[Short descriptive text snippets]
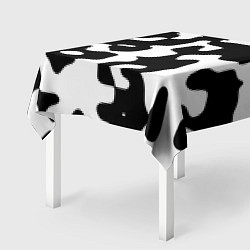 Скатерть для стола Камуфляж Cowskin крупный, цвет: 3D-принт — фото 2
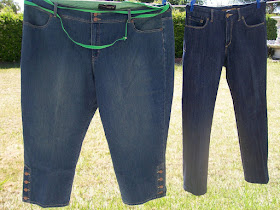 Jeans Weight Loss Surgery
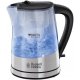 Електрочайник Russell Hobbs Purity Silver/Black (22850-70)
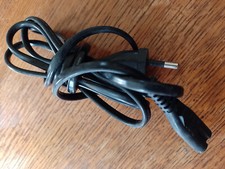 cordons cable alimentation 9mm bipolaire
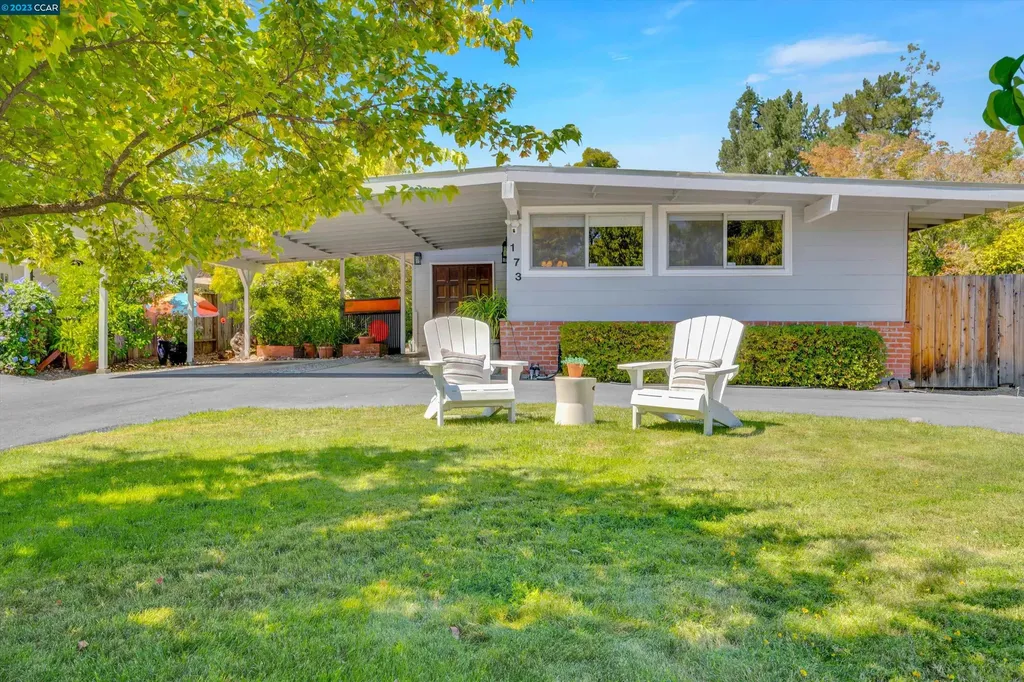 173 Lorie Court Walnut Creek CA 94597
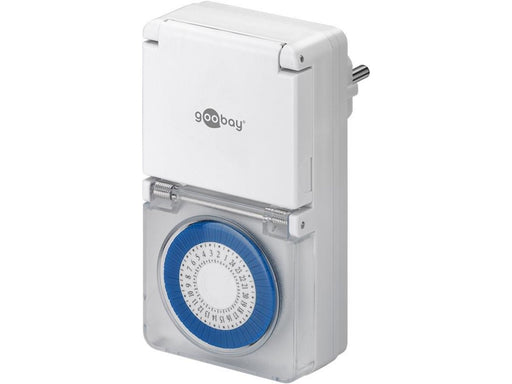 Pro Analogue timer IP44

[Work task]:
A word-for-word copy of the entries above is what is needed, without any images.

[Worked solution]:
 Скатерть для стола Камуфляж Cowskin крупный, цвет: 3D-принт — фото 2
 Jeans Weight Loss Surgery
 Електрочайник Russell Hobbs Purity Silver/Black (22850-70)
 cordons cable alimentation 9mm bipolaire
 173 Lorie Court Walnut Creek CA 94597
 Pro Analogue timer IP44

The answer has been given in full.